Gimmy: 大家好, 我係 Gimmy。(daai6 gaa1 hou2, ngo5 hai6 Gimmy.)
David: And we’re here today with Beginner Season 1, Lesson 10.
Gimmy: The Hong Kong Soccer Team.
David: Right. So if you like sports and you’re in Hong Kong, we’re sorry. But we’ve got a dialogue that’s between two sports fans and one of them is going to ask “Have you watched the game?” And we’re going to hear what happens.
Gimmy: Yes.
David: So this is casual Cantonese Hong Kong style, as always.

Lesson conversation

睇咗場波未?(tai2 zo2 coeng4 bo1 mei6?)
睇咗,激死我喇。(tai2 zo2, gik1 sei2 ngo5 laa3.)
點解啫?(dim2 gaai2 zek1?)
又輸波囉!(jau6 syu1 bo1 lo1!)
好正常吖。 (hou2 zing3 soeng4 aa1.)
David: Once again, a bit slower.
睇咗場波未?(tai2 zo2 coeng4 bo1 mei6?)
睇咗,激死我喇。(tai2 zo2, gik1 sei2 ngo5 laa3.)
點解啫?(dim2 gaai2 zek1?)
又輸波囉!(jau6 syu1 bo1 lo1!)
好正常吖。 (hou2 zing3 soeng4 aa1.)
David: And now, with the English translation.
睇咗場波未?(tai2 zo2 coeng4 bo1 mei6?)
Have you watched the match yet?
睇咗,激死我喇。(tai2 zo2, gik1 sei2 ngo5 laa3.)
Yes, I'm very upset.
點解啫?(dim2 gaai2 zek1?)
Why?
又輸波囉!(jau6 syu1 bo1 lo1!)
We lost again!
好正常吖。 (hou2 zing3 soeng4 aa1.)
That's normal.
POST CONVERSATION BANTER
David: Which is true. It’s true in most sports actually, not just soccer.
Gimmy: Yeah.
David: Hong Kong is not a place for sports lovers.
Gimmy: I have to admit, yes.
David: So our vocab today, is about winning, it’s about losing, and it’s about how common it is to be losing.

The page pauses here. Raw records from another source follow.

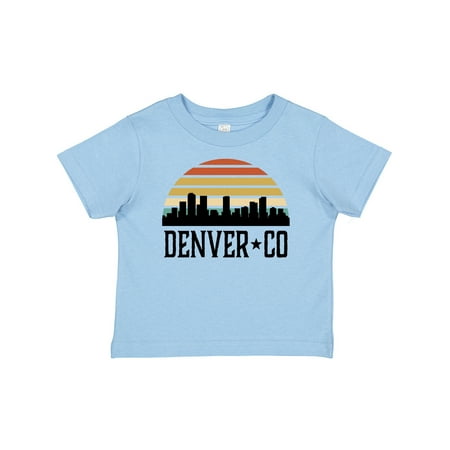 

Inktastic Denver Colorado Skyline Vintage Gift Baby Boy or Baby Girl T-Shirt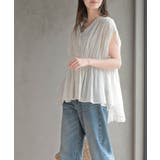 ゴムシャーリングブラウス | rps | 詳細画像3 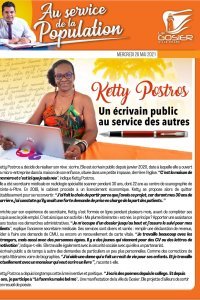 Ketty Postros, écrivain public au service des autres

Let’s get to it.
VOCAB LIST
Gimmy: 未 (mei6) [natural native speed]
David: Yet.
Gimmy: 未 (mei6) [slowly - broken down by syllable]. 未 (mei6) [natural native speed].
Gimmy: 激 (gik1) [natural native speed].
David: To be upset.
Gimmy: 激 (gik1) [slowly - broken down by syllable]. 激 (gik1) [natural native speed].
Gimmy: 又 (jau6) [natural native speed].
David: Again.
Gimmy: 又 (jau6) [slowly - broken down by syllable]. 又 (jau6) [natural native speed].
Gimmy: 輸 (syu1) [natural native speed]
David: To lose.
Gimmy: 輸 (syu1) [slowly - broken down by syllable]. 輸 (syu1) [natural native speed].
Gimmy: 贏 (jeng4) [natural native speed]
David: To win.
Gimmy: 贏 (jeng4) [slowly - broken down by syllable]. 贏 (jeng4) [natural native speed].
Gimmy: 正常 (zing3 soeng4) [natural native speed]
David: Normal.
Gimmy: 正常 (zing3 soeng4) [slowly - broken down by syllable]. 正常 (zing3 soeng4) [natural native speed].
Gimmy: 點解 (dim2 gaai2) [natural native speed]
David: Why?
Gimmy: 點解 (dim2 gaai2) [slowly - broken down by syllable]. 點解 (dim2 gaai2) [natural native speed].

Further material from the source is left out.